We all know people who are "book smart" but clueless in the real world, and those who are "street smart" but unable to handle any environment other than the one they're used to. Last season The Apprentice was based on this dichotomy, pitting a team of people with higher education against a team whose members had less formal education. When you look closely at both sides of the spectrum, you realize that the key ingredient to success is experience. Experience comes from action and action is synonymous with doing.
Learning by doing comes down to proving yourself. When I was in school, I worked hard and even studied foreclosures in my spare time. This wouldn't have meant much, though, if I hadn't put my knowledge to the test by actually finding a foreclosure to invest in and then doing it.
I found a 1,200 unit residential development that had 800 vacant apartments. It had become a disaster. The developers had gone under and the government had foreclosed, but I saw it as a great opportunity to learn by doing. I learned a lot, and I made a good profit. Plus, I got the confidence to move forward in my real estate career.
This would not have happened if I hadn't put my knowledge to work for me. It also wouldn't have happened if I hadn't spent time studying and preparing for such an opportunity. Learning and doing have to work together to be effective.
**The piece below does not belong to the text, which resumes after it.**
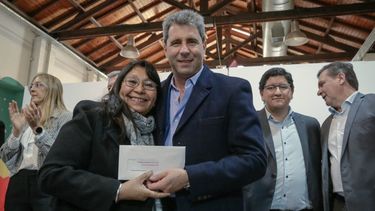 Uñac entregó 100 nuevas jubilaciones a beneficiarios sanjuaninos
Knowledge alone isn't enough. You have to act on it, but it's hard to do anything effectively without good information.
Did you ever notice how easy some things look until you try them yourself? Golf can look effortless and non-athletic until you try to play a decent game. Suddenly, it takes on an entirely new dimension. Don't underestimate anything until you've tried it yourself. The real pros make extremely difficult maneuvers look easy because they've spent thousands of hours perfecting their technique. You probably haven't seen them practicing, but they have been. They're not armchair golfers; they've been out there doing it for a long time. It's one thing to prepare, but it's another thing to do.
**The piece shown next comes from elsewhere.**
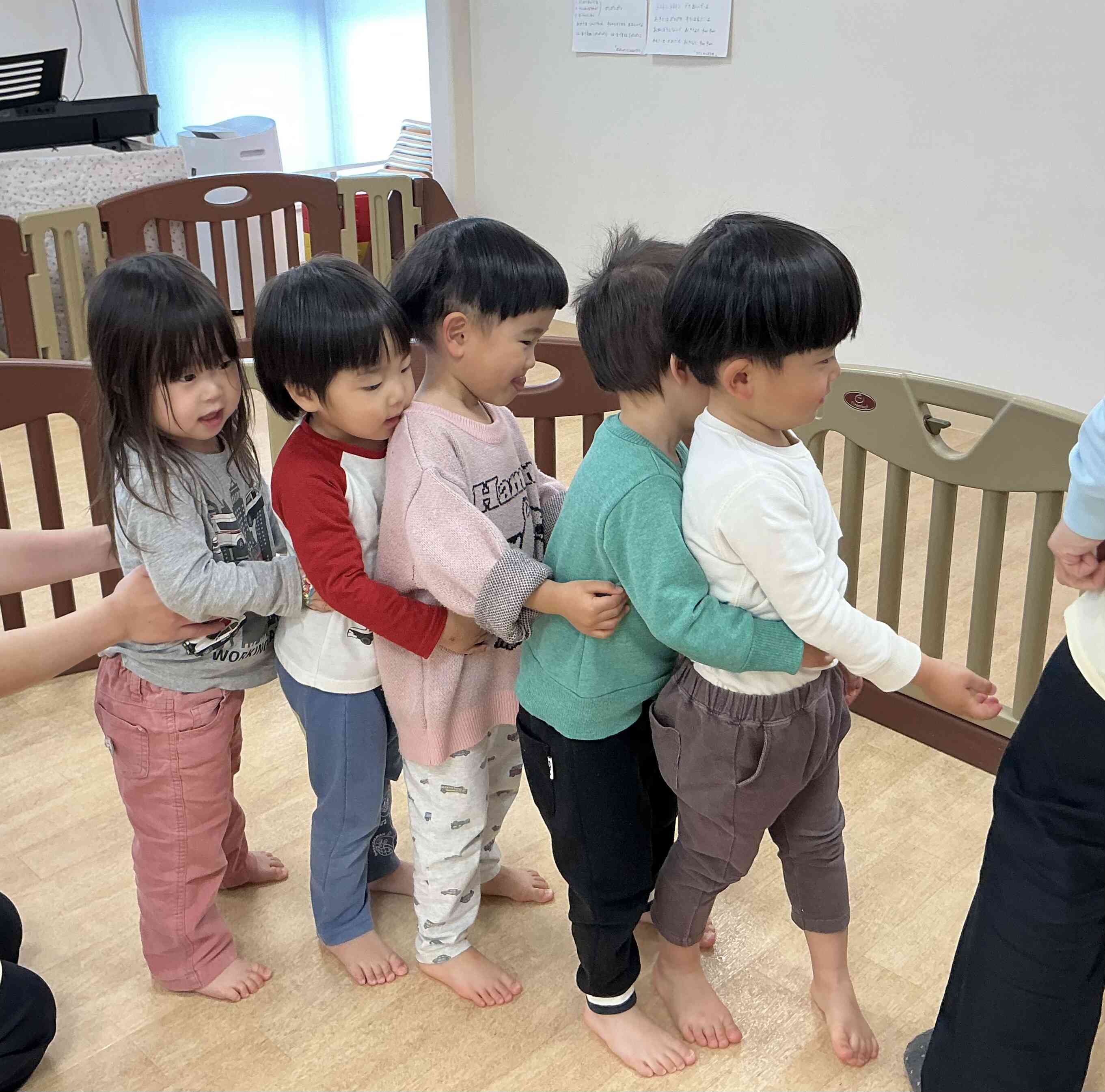 お部屋で遊んだよ！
I think a lot of people are afraid to fail so they don't try. They talk, but don't do. That's a great formula for failure. My advice is to take some risks, even if you fail. There has never been and there will never be an Olympic ice skater who hasn't taken a spill on the ice, no matter how much she knew about ice-skating. She's acquired her skill by doing, not by watching.
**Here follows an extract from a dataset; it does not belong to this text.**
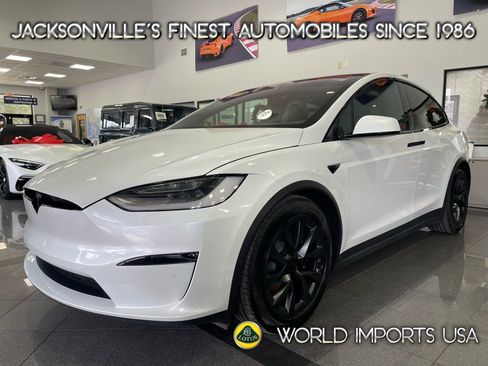 Used 2023 Tesla Model X Plaid image 1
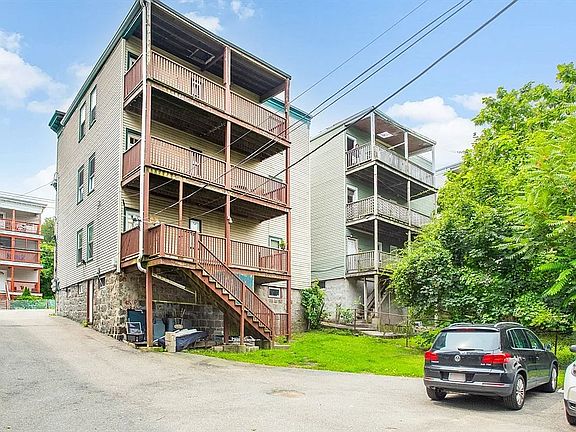 3rd image of 23 Deering Rd APT 3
When I was interested in acquiring the Commodore Hotel near Grand Central years ago, a friend told reporters my idea was like "fighting for a seat on the Titanic." I worked against great odds, but the Hyatt Hotel not only became a huge success, it began the redevelopment of the dilapidated area around Grand Central. I learned by doing, but I was also motivated by all the talkers who just complained about how crummy the area had become. They made me think: Why not do something about it instead?
Apply this thinking to yourself and to your situation. You will not only learn a lot, you will learn how much you didn't know, which is equally important. So give yourself a challenge, not once in awhile, but every day.
Knowledge requires patience; action requires courage. Put them both together and you'll be a winner.